Ketika dakwah berubah menjadi profesi yang menguntungkan, hubungan antara pendakwah dan mustami' menjadi hubungan yang bersifat komersial. Setelah acara pengajian selesai, semangat Islam pendengar pun sering kali memudar karena hubungan yang terjalin bukanlah antara guru dan murid, melainkan antara penjual dan pembeli. Ini sangat memprihatinkan dan berpotensi merusak peradaban Islam.
Dalam konteks "bisnis agama", umat beragama menjadi "pasar" yang menggiurkan. Kaum kapitalis agama bisa berasal dari berbagai profesi, mulai dari klerik hingga jurnalis, yang memanfaatkan agama sebagai "produk" untuk meraih keuntungan ekonomi dan politik. Ini menciptakan situasi di mana agama tidak lagi berfungsi sebagai panduan moral, tetapi sekadar barang yang diperjualbelikan.
Sebagian umat beragama memang menjadi konsumen setia yang mudah terpengaruh untuk membeli produk-produk keagamaan. Hal ini menguntungkan bagi para pedagang agama, namun tidak semua orang bersedia "membeli" produk-produk tersebut. Kesadaran kritis masyarakat terhadap ajaran agama sangat penting untuk menghindari eksploitasi oleh kelompok tertentu.

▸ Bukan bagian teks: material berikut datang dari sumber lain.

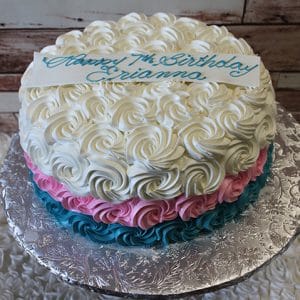 CB-018A is a round cake with white, pink, and blue swirled icing. A white plaque on top says “Happy 7th Birthday Arianna” in blue script. The cake is presented on a silver, textured board.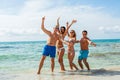 Young happy friends havin fun on the beach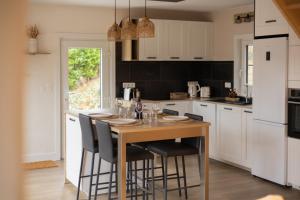 a kitchen with a wooden table and chairs in a kitchen at Escapade Boisée in Vencimont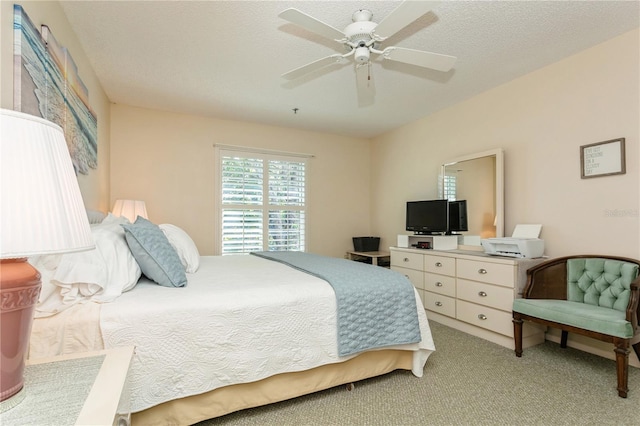 carpeted bedroom featuring ceiling fan and a textured ceiling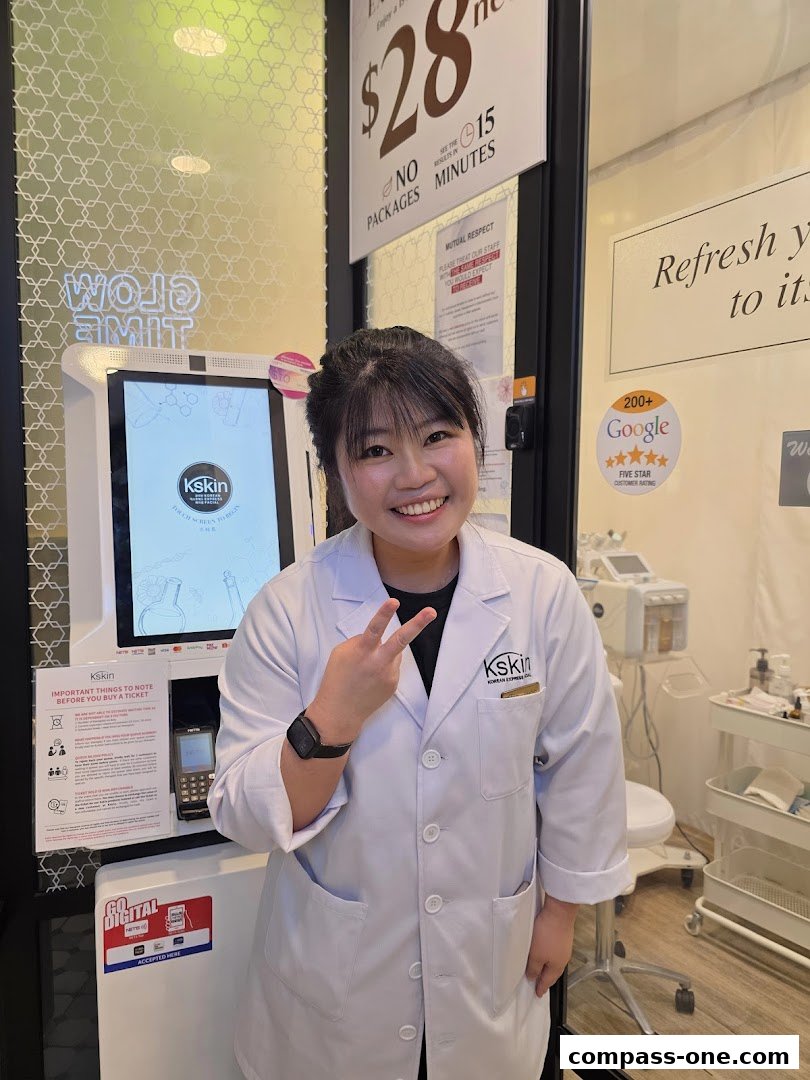A smiling employee in a white lab coat poses in front of a Kskin Korean Express Facial kiosk.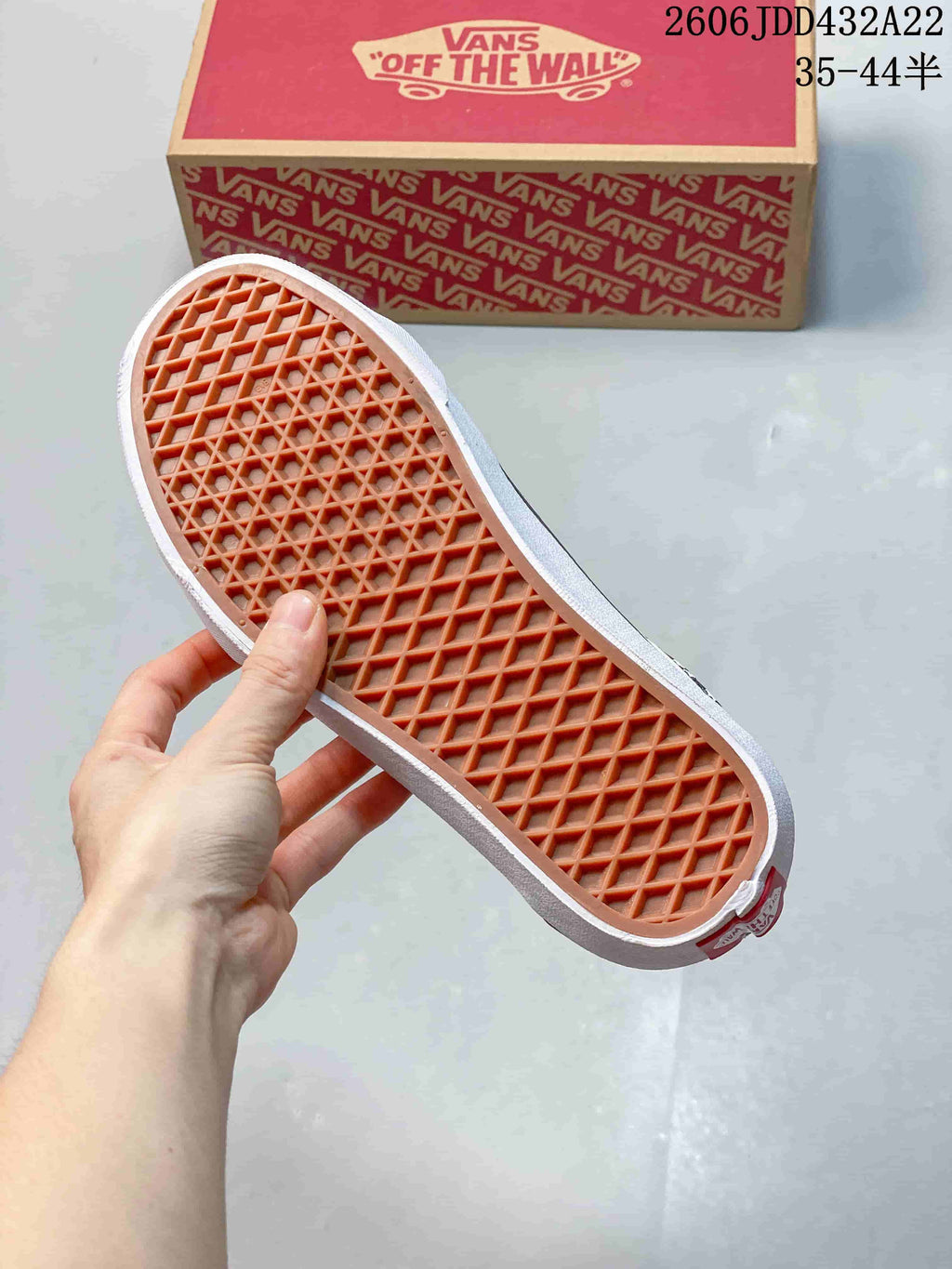 Waffle-patterned outsole on a Vans low-top sneaker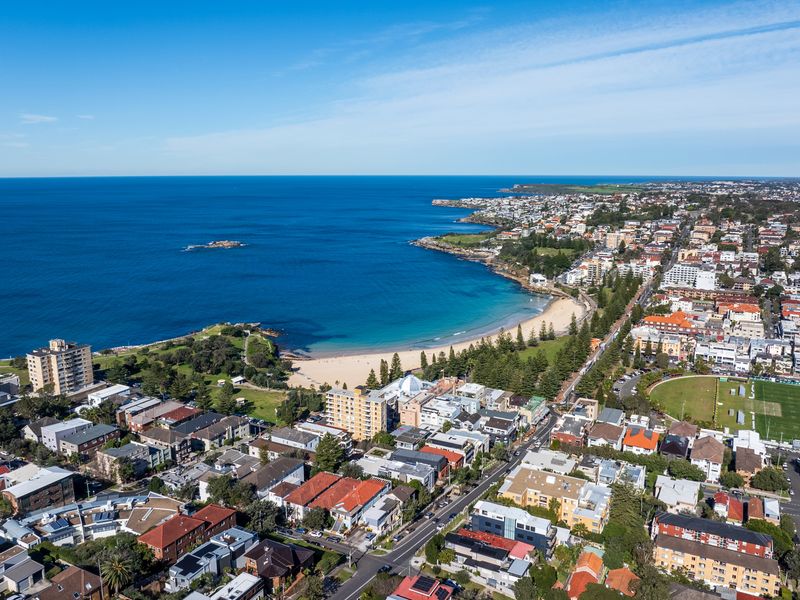 The coastline unfolds before you with stunning blue-water scenery.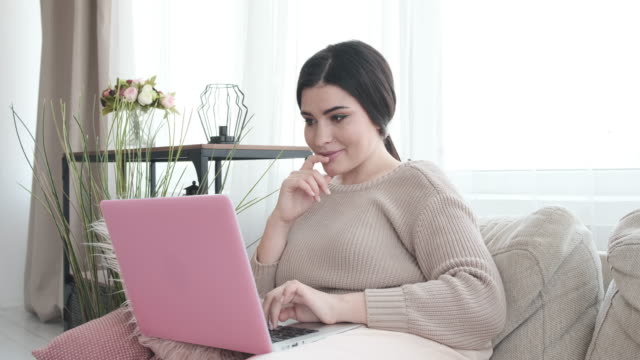 Happy-woman-with-laptop-on-sofa
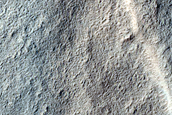 Cataract Channels Crossing Wrinkle Ridge in Ejecta of Negele Crater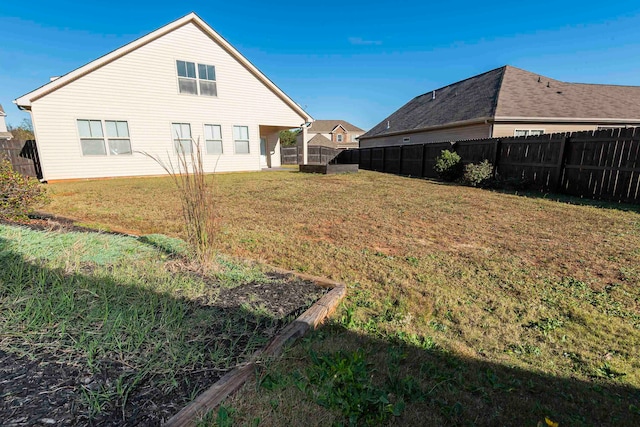 rear view of house featuring a yard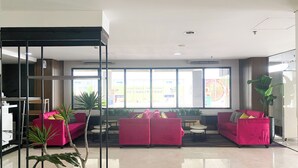 Una hall moderna con illuminazione brillante, un'area salotto con divani rosa e un'ampia vetrata con pubblicità.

Di Eropa atau Australia, seperti yang ditulis oleh Steve Bruce, minat terhadap agama mengalami penurunan. Penjualan produk-produk agama di sana tidak laku. Sebaliknya, di Amerika dan Indonesia, bisnis yang berkaitan dengan agama masih memiliki banyak peminat. Ini menunjukkan perbedaan yang signifikan dalam cara masyarakat menerima dan mempraktikkan ajaran agama.
Salah satu cara untuk menjual agama adalah melalui politisasi. Para elit politik sering menggunakan simbol-simbol agama untuk mempengaruhi massa dan mendapatkan dukungan. Rakyat sering kali terpesona oleh citra pemimpin yang religius, tanpa mempertanyakan integritas mereka. Hal ini menciptakan ketidakadilan dan menghilangkan esensi dari ajaran agama itu sendiri.
Penjualan agama juga terlihat dalam kelompok-kelompok yang menawarkan janji-janji kebahagiaan atau keselamatan spiritual. Mereka sering menggunakan retorika menakut-nakuti untuk menjaga kontrol atas pengikutnya. Ini mengeksploitasi kebutuhan spiritual masyarakat yang tulus, tetapi kurang pengetahuan untuk memahami ajaran agama secara kritis.